Nem tudo acontecia sem dor. Certa vez, os adultos quando viram Gabi de vestido pela primeira vez, interromperam a diversão no condomínio para dizer que aquilo estava errado. Onde já se viu adulto se meter em brincadeira de criança?! Outros não queriam entender a situação e fizeram-na ter que mudar mais de três vezes de escola porque não aceitavam o nome social da criança e o fato dela querer usar o banheiro feminino. “Mas a menina era afrontosa, usava mesmo assim!”, conta a mãe, às gargalhadas. Apesar disso, mudou de colégio e hoje estuda na sua segunda escola pública, espaço que lhe acolhe e aceita.
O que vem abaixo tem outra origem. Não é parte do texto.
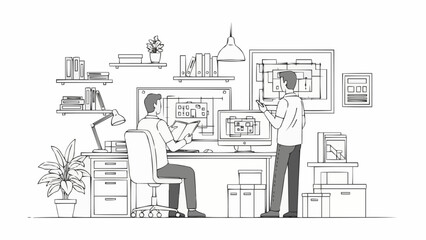 Two architects collaborating on blueprints at a desk in an office.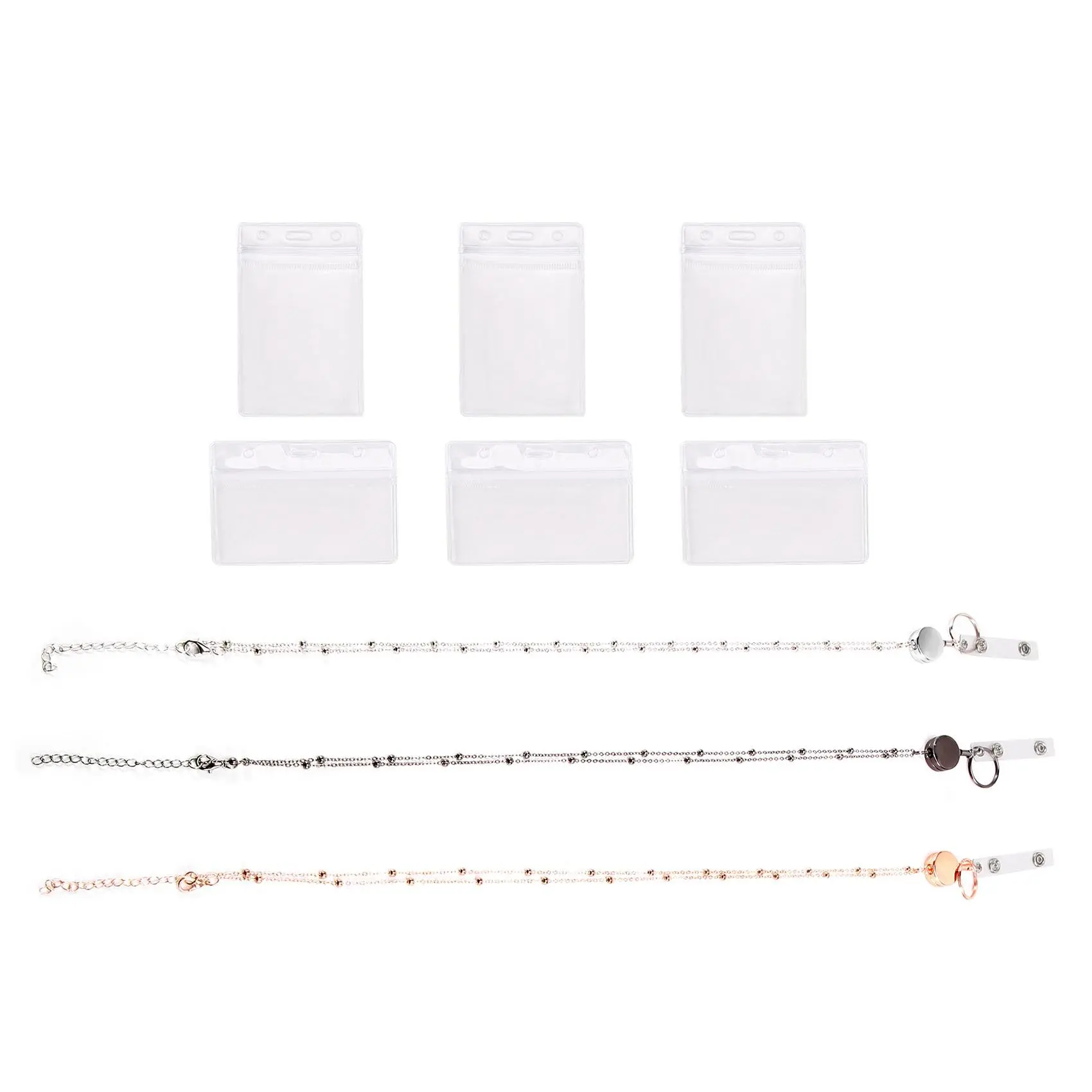 Retractable Badge Scroll Lanyard with ID Card Holder, 3 Pcs Beaded Badge Lanyard Necklace with 6 Business Card Holders A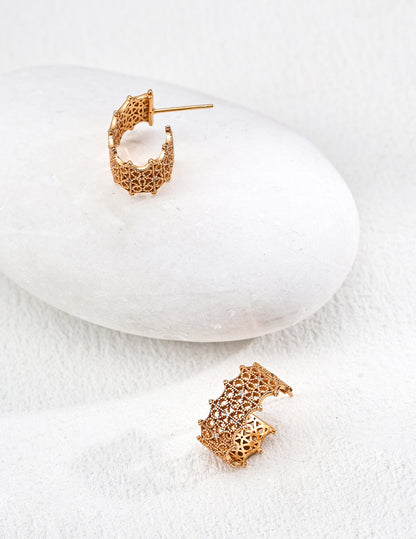 DOUBLE&LL French Lace Filigree Earrings - 18K Gold Plated S925 Sterling Silver Cubic Zirconia Studs | Vintage Baroque Elegance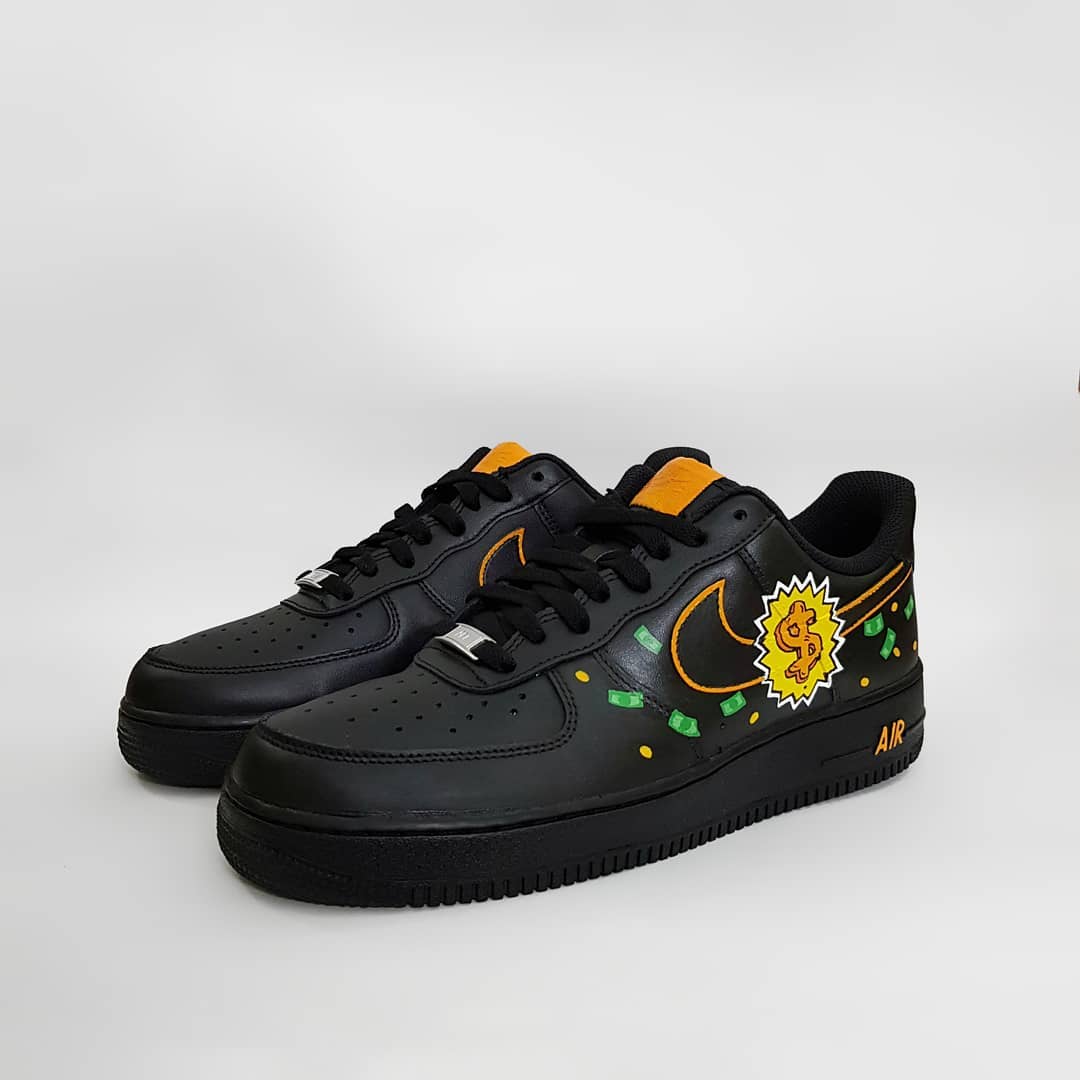 Cartoon Duck Money Black Green Custom Air Force 1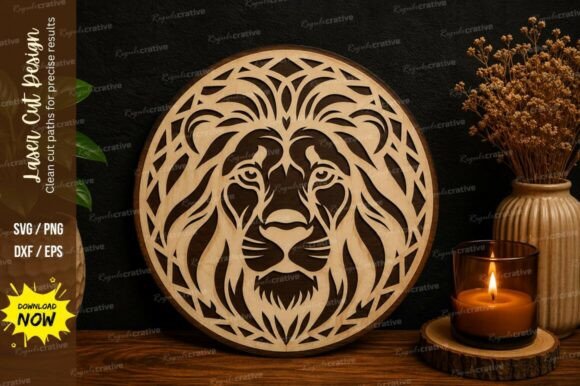 Lion Head Wall Art SVG: Premium Laser Cut Design File
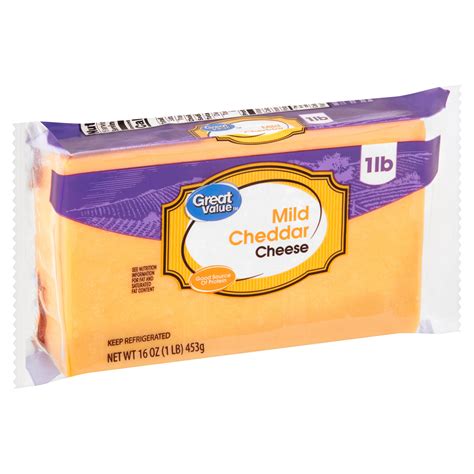 Great Value Mild Cheddar Cheese 16 Oz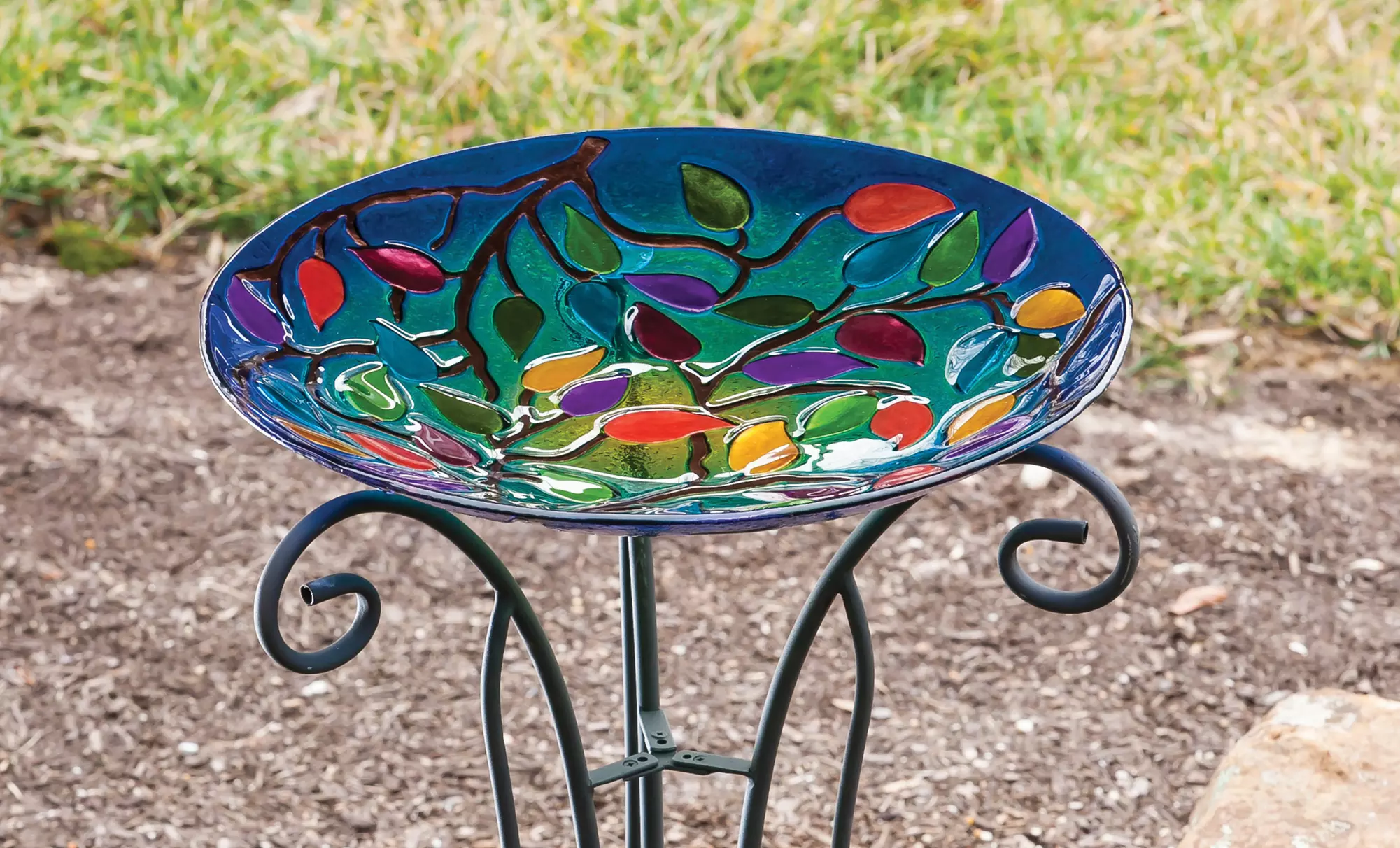 Evergreen Glass Birdbath with Stand - Second Medium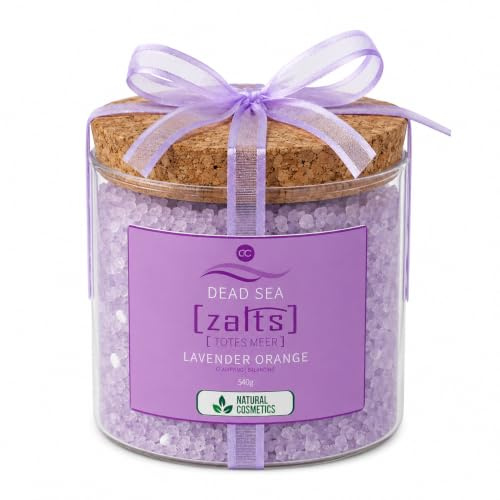 Accentra Zalts Totes Meer Badesalz im Glas mit Korkverschluss – 540g Totes Meersalz MADE in GERMANY mit Lavendel- und Orangenöl angereichert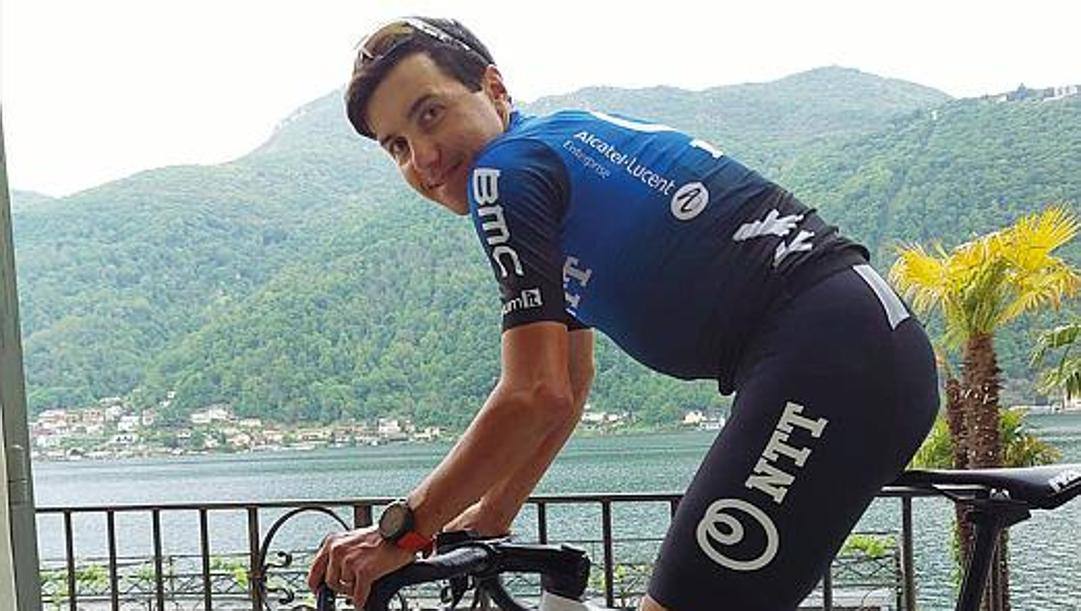 Domenico Pozzovivo, 37 anni, in 'gara' sui rulli  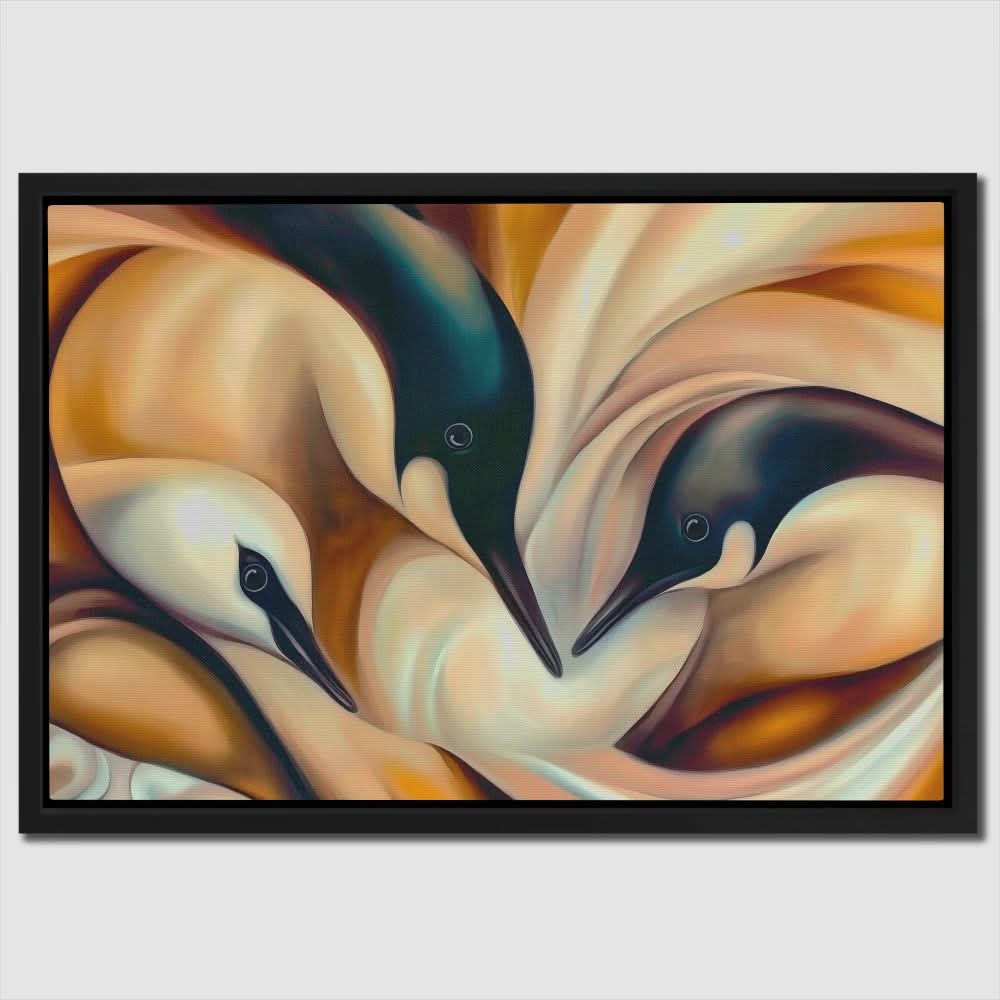 Puddle of Penguins - Beige Wall Art for Living Room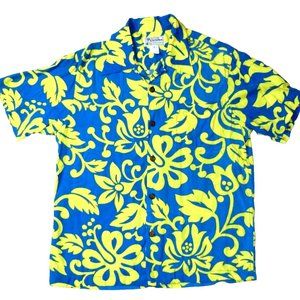 Vintage Original Kalakaua Hawaiian Shirt Men's Size Medium Blue Yellow Retro VTG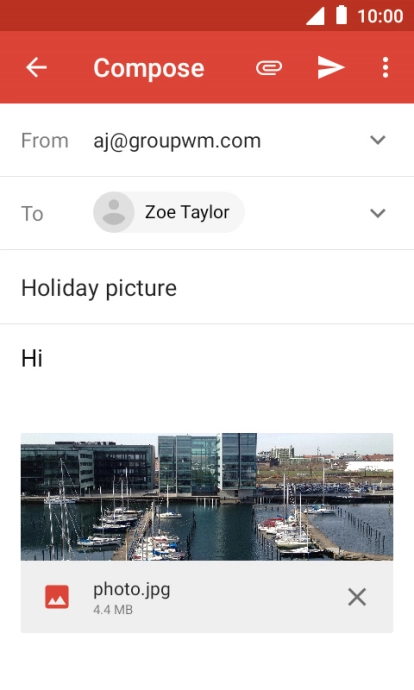 Press the send icon when you've finished your email message.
Para a mãe, a sensação durante o período de transição foi de luto pelo filho que tinha morrido. A constatação ainda é sentida no dia-a-dia. “Mas não tem uma relação de culpa de que um matou o outro”, revela. “É um luto, mas ao mesmo tempo, é um lindo nascimento porque nasceu uma criança do jeito que era para ser: uma criança feliz”, ela diz para si mesma, mantendo-se forte e sempre defendendo a felicidade dos seus. A mãe também tinha receio do que os outros poderiam achar e, quem sabe, fazer mal para sua filha. Mas mesmo assim, não queria, de forma alguma, impedir os bons momentos que viriam dali em diante.
Gabi sempre teve uma personalidade forte. Uma criança ligada no 220volts, de um coração enorme e que adora desenhar sereias. “Ela se defende e eu confio muito nela. Ela veio para o mundo já sabendo o que fazer, eu tenho é certeza. Porque não pode uma pessoa ser bem resolvida desse jeito”, afirma a mãe, enfática. E relembra, emocionada, da primeira vez que receberam os cadernos e a carteirinha da escola identificados com o nome social, da forma como deveria ser: Gabi.
O próximo passo é conseguir o direito de trocar o nome de registro pelo seu nome social. Questionada sobre esses processos burocráticos, Gabi não quer saber muito: continua assistindo os vídeos dos jogos de Minecraft, depois de uma tarde inteira brincando com a irmã e a vizinha. Quando olha para fotos de antigamente, sorri: “Nossa, como eu era um bebê feio e bochechudo”.
* Nome fictício utilizado para preservar a identidade da criança.
[texto produzido após a repórter acompanhar a rotina de Gabi e sua família]
Publicado na Revestrés#36 – maio-junho de 2018.